# Assignment 1 - TD with State Aggregation

Welcome to your Course 3 Programming Assignment 1. In this assignment, you will implement **semi-gradient TD(0) with State Aggregation** in an environment with a large state space. This assignment will focus on the **policy evaluation task** (prediction problem) where the goal is to accurately estimate state values under a given (fixed) policy.

**In this assignment, you will:**

- Implement semi-gradient TD(0) with function approximation (state aggregation).
- Understand how to use supervised learning approaches to approximate value functions.
- Compare the impact of different resolutions of state aggregation, and see first hand how function approximation can speed up learning through generalization.

**Note: You can create new cells for debugging purposes but please do not duplicate any Read-only cells. This may break the grader.**

## 500-State RandomWalk Environment

In this assignment, we will implement and use a smaller 500 state version of the problem we covered in lecture (see “State Aggregation with Monte Carlo”, and Example 9.1 in the textbook). The diagram below illustrates the problem.

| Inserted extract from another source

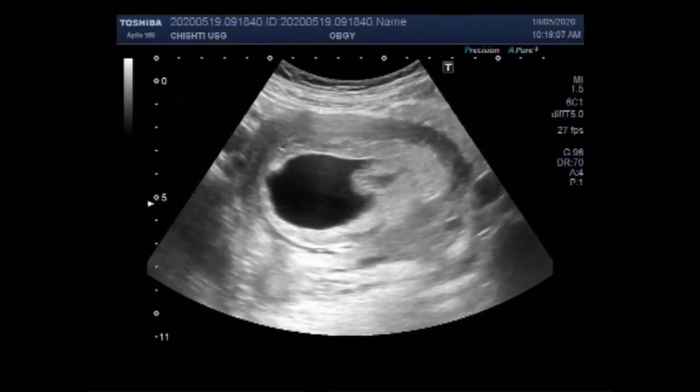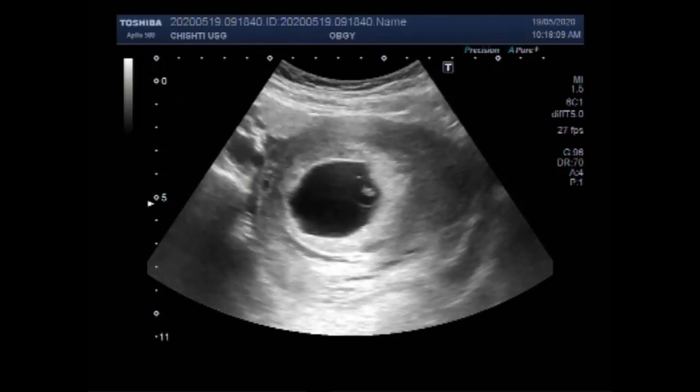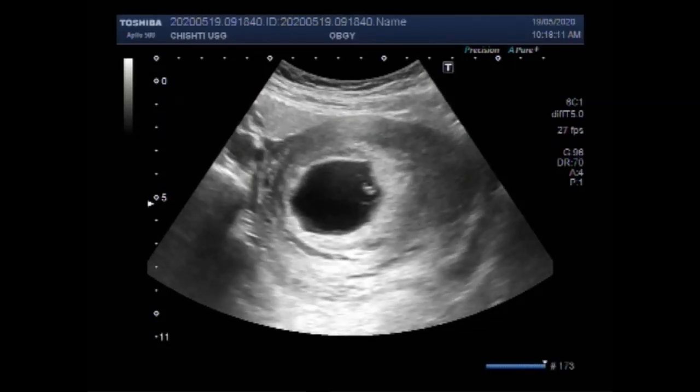You can see the gestational sac having a fetal pole and some products of conception.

There are 500 states numbered from 1 to 500, left to right, and all episodes begin with the agent located at the center, in state 250. For simplicity, we will consider state 0 and state 501 as the left and right terminal states respectively.

The episode terminates when the agent reaches the terminal state (state 0) on the left, or the terminal state (state 501) on the right. Termination on the left (state 0) gives the agent a reward of -1, and termination on the right (state 501) gives the agent a reward of +1.

The agent can take one of two actions: go left or go right. If the agent chooses the left action, then it transitions uniform randomly into one of the 100 neighboring states to its left. If the agent chooses the right action, then it transitions randomly into one of the 100 neighboring states to its right.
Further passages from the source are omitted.